| name | data-visualization |
| description | Create effective data visualizations with Python. 优先使用 plotly(交互式图表),seaborn 和 matplotlib 作为备选(静态图表)。Use when building charts, choosing the right chart type for a dataset, creating publication-quality figures, or applying design principles like accessibility and color theory. |
Data Visualization Skill
Chart selection guidance, Python visualization code patterns, design principles, and accessibility considerations for creating effective data visualizations.
Chart Selection Guide
Choose by Data Relationship
| What You're Showing | Best Chart | Alternatives |
|---|
| Trend over time | Line chart | Area chart (if showing cumulative or composition) |
| Comparison across categories | Vertical bar chart | Horizontal bar (many categories), lollipop chart |
| Ranking | Horizontal bar chart | Dot plot, slope chart (comparing two periods) |
| Part-to-whole composition | Stacked bar chart | Treemap (hierarchical), waffle chart |
| Composition over time | Stacked area chart | 100% stacked bar (for proportion focus) |
| Distribution | Histogram | Box plot (comparing groups), violin plot, strip plot |
| Correlation (2 variables) | Scatter plot | Bubble chart (add 3rd variable as size) |
| Correlation (many variables) | Heatmap (correlation matrix) | Pair plot |
| Geographic patterns | Choropleth map | Bubble map, hex map |
| Flow / process | Sankey diagram | Funnel chart (sequential stages) |
| Relationship network | Network graph | Chord diagram |
| Performance vs. target | Bullet chart | Gauge (single KPI only) |
| Multiple KPIs at once | Small multiples | Dashboard with separate charts |
When NOT to Use Certain Charts
- Pie charts: Avoid unless <6 categories and exact proportions matter less than rough comparison. Humans are bad at comparing angles. Use bar charts instead.

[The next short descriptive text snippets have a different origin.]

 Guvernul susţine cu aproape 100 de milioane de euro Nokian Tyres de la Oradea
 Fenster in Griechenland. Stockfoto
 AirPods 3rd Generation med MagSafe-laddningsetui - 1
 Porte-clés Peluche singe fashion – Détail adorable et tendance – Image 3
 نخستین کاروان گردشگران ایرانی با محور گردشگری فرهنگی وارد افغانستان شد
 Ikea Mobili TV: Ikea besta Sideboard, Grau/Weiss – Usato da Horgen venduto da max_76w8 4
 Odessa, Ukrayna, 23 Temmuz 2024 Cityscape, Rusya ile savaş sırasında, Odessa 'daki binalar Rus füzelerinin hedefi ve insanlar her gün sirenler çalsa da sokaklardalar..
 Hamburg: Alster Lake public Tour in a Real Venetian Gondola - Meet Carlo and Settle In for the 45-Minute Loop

- 3D charts: Never. They distort perception and add no information.
- Dual-axis charts: Use cautiously. They can mislead by implying correlation. Clearly label both axes if used.
- Stacked bar (many categories): Hard to compare middle segments. Use small multiples or grouped bars instead.
- Donut charts: Slightly better than pie charts but same fundamental issues. Use for single KPI display at most.
Python Visualization Code Patterns
📌 Library Priority
优先使用 Plotly(推荐)
- 交互式图表,支持缩放、悬停、筛选
- 适合探索性分析和仪表板
- 输出为 HTML 文件,易于分享
备选方案:Seaborn / Matplotlib
- 静态图表,适合报告和出版物
- 更精细的样式控制
- 轻量级,无需 JavaScript
Interactive Charts with Plotly(推荐优先使用)
Setup
import plotly.express as px
import plotly.graph_objects as go
import pandas as pd
Line Chart (Time Series)
fig = px.line(df, x='date', y='value', color='category',
title='Interactive Metric Trend',
labels={'value': 'Metric Value', 'date': 'Date'},
template='plotly_white')
fig.update_layout(
hovermode='x unified',
font=dict(size=12),
title_font_size=16
)
fig.write_html('interactive_chart.html')
fig.show()
Bar Chart (Comparison)
df_sorted = df.sort_values('metric', ascending=True)
fig = px.bar(df_sorted, x='metric', y='category',
orientation='h',
title='Metric by Category (Ranked)',
labels={'metric': 'Metric Value', 'category': 'Category'},
template='plotly_white')
fig.update_traces(marker_color='#4C72B0', text=df_sorted['metric'])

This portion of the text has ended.